In this case, I assume the reason to inspect the script is not so much that the script might be doing something bad, but rather that you may have downloaded the wrong file to begin with.
With that in mind:
> Distributors usually give you a way to verify that what you've downloaded is correct
The first thing is that not all software is downloaded from Linux distribution repositories. This technique doesn't work if you're just downloading an installer from a website or Github releases page, etc. Sure, many also provide you with a checksum that you need to manually verify, but the shell script in question can also do the same. In fact, it can help by automating the check after it inevitably downloads the application's binary package.
In this case, the vector is you getting something different from what the vendor intended you to download. An example would be if your connection had been MITM'ed and a malicious package had been sent in its place.
This is largely a non-issue these days with TLS certs everywhere, SNI, OCSP stapling and other protections that more or less ensure you're connected to the right server.
> What if you make a typo and somehow pipe an HTML document to your shell?
That's quite the bad luck!
In this case, the user made a typo.
Most `curl | bash` commands are copy-pasted from a website rather than typed out, so this is _mostly_ a non-issue as well.
For those cases where the user typed the command and got it wrong, for it to become a problem, at least these 2 things need to be true:
* the typoed URL actually downloaded something that the shell can interpret
* there are commands in this downloaded document that actually wreak havoc to the system where they ran
I fail to see a scenario where that would happen. Not that it's impossible, but it's so unrealistic that if it happened to me I might just shutdown the computer and go buy a lottery ticket!
Distribution maintainers are also the people that pushed out a fix as quickly as the compromised version was released.
It's unrealistic to expect software to never have security holes, bugs, or vulnerabilities. How they're handled matters more than the fact that they were introduced to begin with.
Ask the bottles team how they feel about maintainers and the job they are doing.
A fair number of upstream developers are unhappy with what maintainers and how they deal with bugs and updates.
The real problem is that software packaging and distribution is so very broken.

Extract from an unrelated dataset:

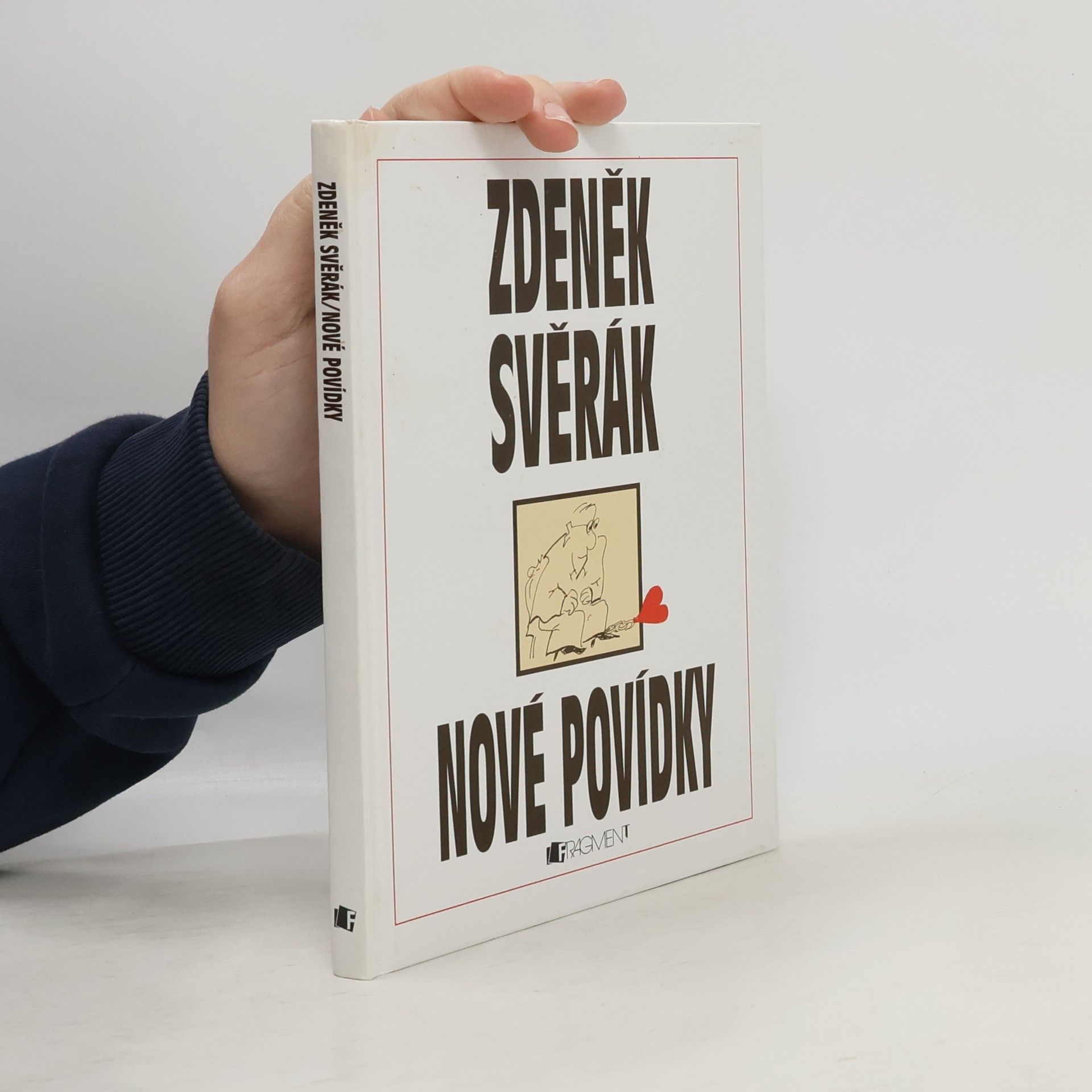 Zdeněk Svěrák Nové povídky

I had a systems admin say "I love containers, they are a circle of salt around demonically bad software"... He wasnt wrong.

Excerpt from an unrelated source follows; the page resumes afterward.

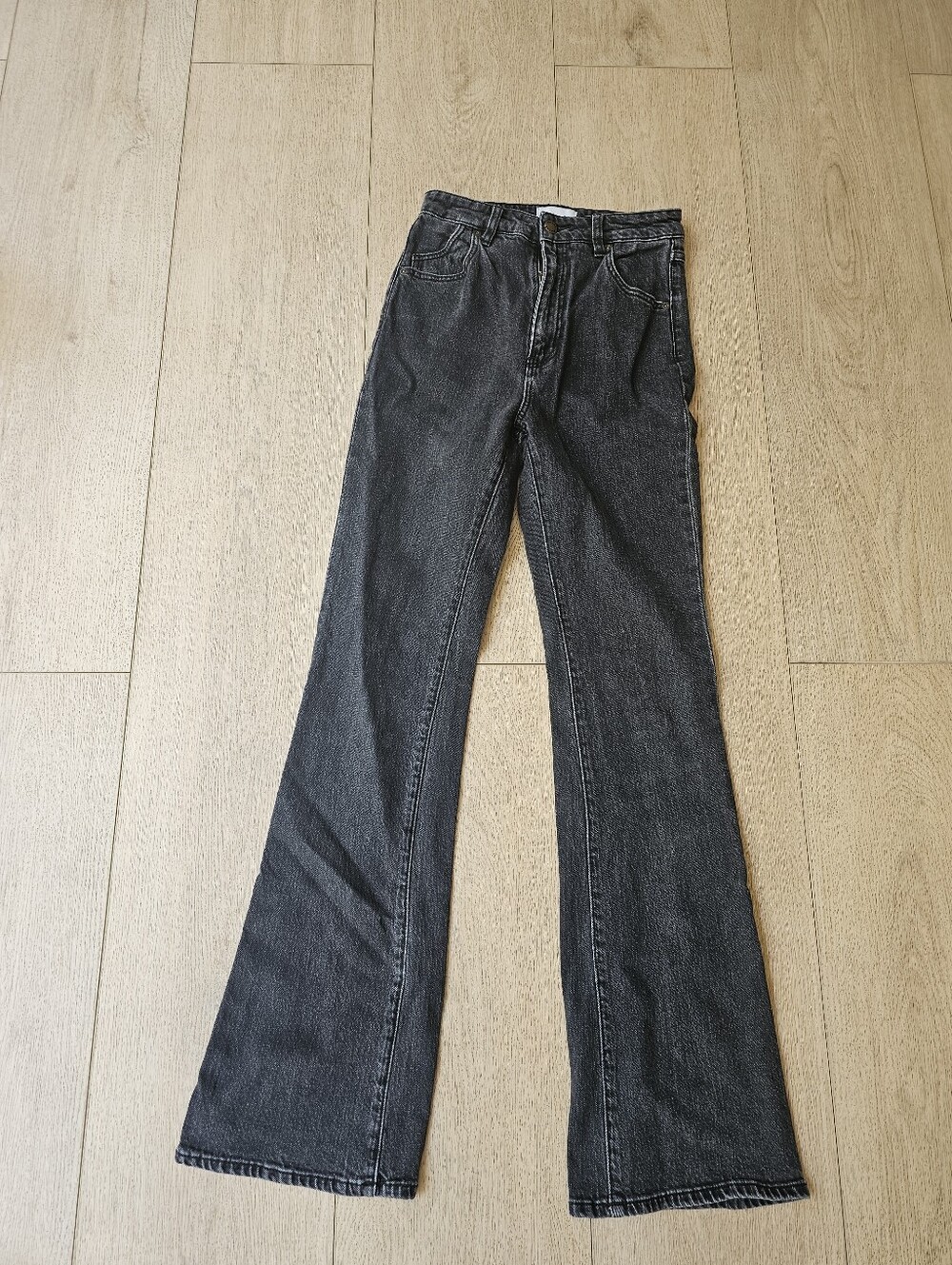 ROLLA'S Dusters Bootcut High Rise Slim Boot Cut 26 - Picture 6 of 12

While I agree, how does this mesh with standard operating procedure on Windows/Mac being to download binary executables and run them? Is the analogous advice "inspect any exe files with Ghidra and fully understand them before running"? Or "only run executables from official distribution channels of open source projects the code of which you've read and understand"? Where, generally, should we place our trust in terms of what code we run on our computers?
Windows and particularly macOS makes it difficult to run things that aren't code signed with trusted certificates. Same with packages in Linux package managers. That provides a large level of assurance that the thing you download is verified by a distributor that you presumably trust (otherwise why are you using their software?). Pipe to shell has no such guarantee: if a bad actor either MITMs you or gets access to their server and stuffs something bad in the script, you're out of luck.
Basically, if you believe that code signing is a good thing (and I hope we all can agree on that), curl to shell is not great security practice.
Unless you're read to fully analyze all the code and look for problems in the whole code, instead of just the install script, don't be an eager early adopter of every project you see posted somewhere, wait for it to have some social validation, give it sometime so smarter people with more time than us had their time looking for vulnerabilities in the whole code, not only on the script. Or if you really want to check it, use an isolated VM first.
She'll is complicated enough that I suspect it would be quite easy to trick anyone who does a cursory glance over the script, unless they are an absolute shell master.